### Description of the task:
Print the lines from the one containing "Bisotab 2.5 2.5mg Tablet" through the end of the listing below, exactly as written. Any pictures stay out.

### Input data:
────────────────────
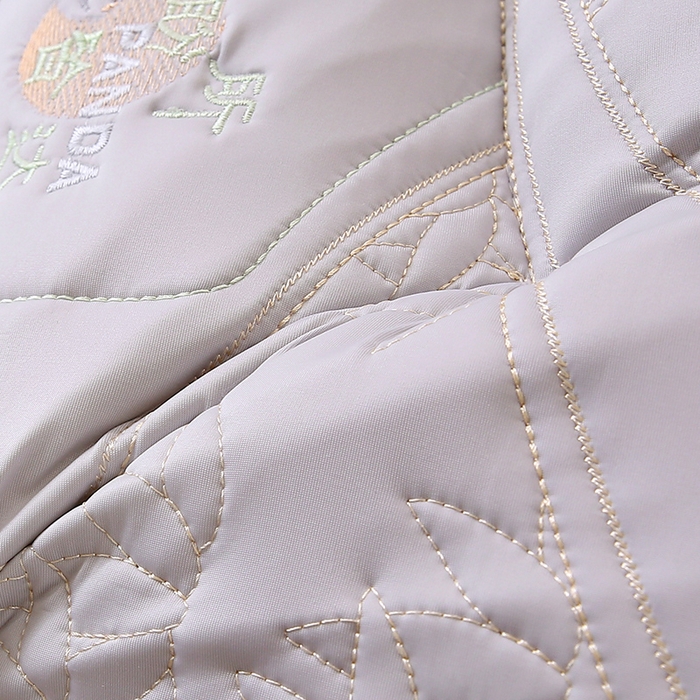 91家纺网 家纺一手货源 找家纺 珍贝家纺 2025新款A类凉感丝所盼皆达冰丝层枕头枕芯 所盼皆达冰丝层枕-灰色 48x74cm/只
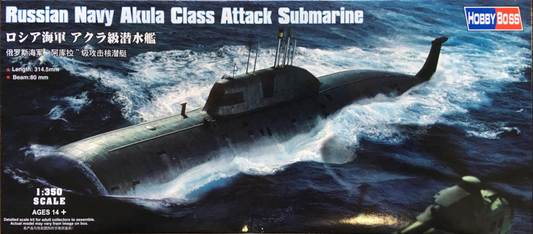 Russian Navy Akula Class Attack Submarine - HOBBY BOSS 1/350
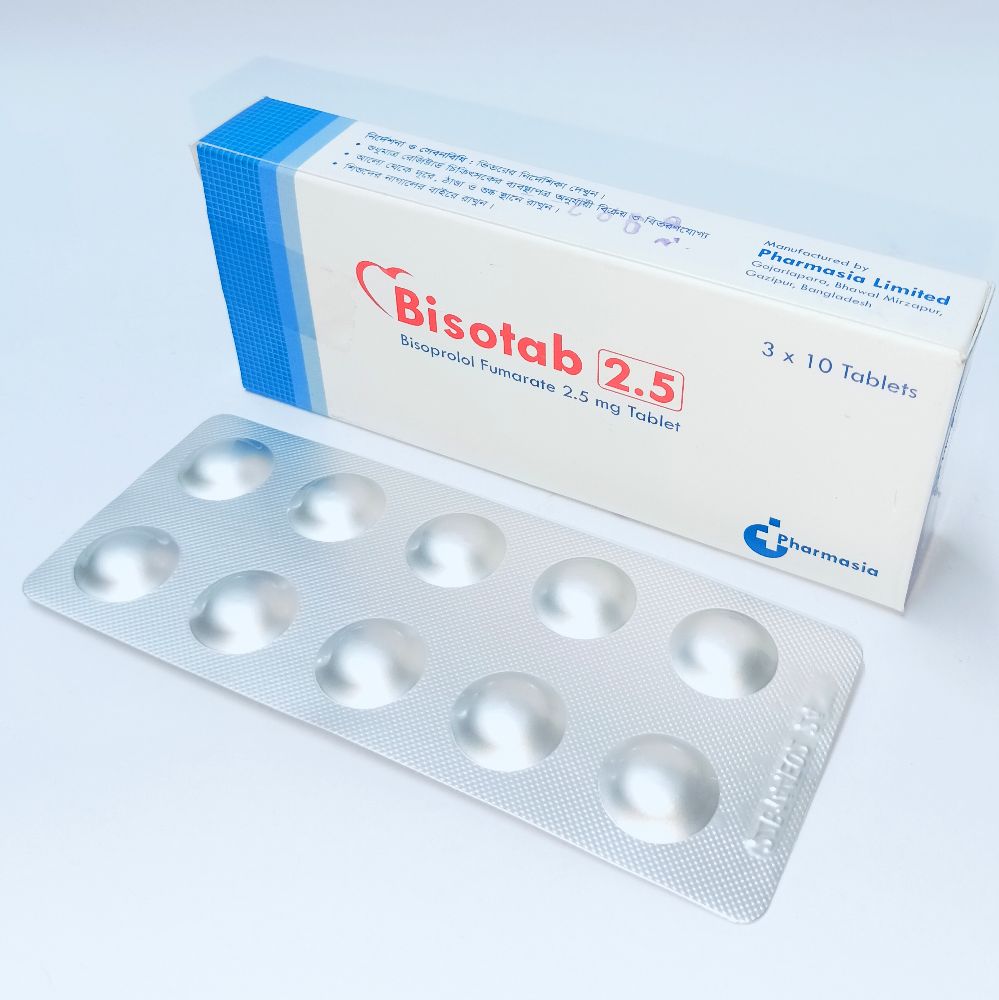 Bisotab 2.5 2.5mg Tablet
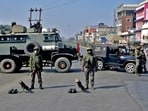 Soldiers block a road leading to the Kangla Fort, the venue of a meeting between the state lawmakers and members of Arambai Tenggol, a Meitei group, in Imphal, Manipur, India, January 24, 2024. REUTERS/Stringer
────────────────────
### Response below:
 Bisotab 2.5 2.5mg Tablet
 Soldiers block a road leading to the Kangla Fort, the venue of a meeting between the state lawmakers and members of Arambai Tenggol, a Meitei group, in Imphal, Manipur, India, January 24, 2024. REUTERS/Stringer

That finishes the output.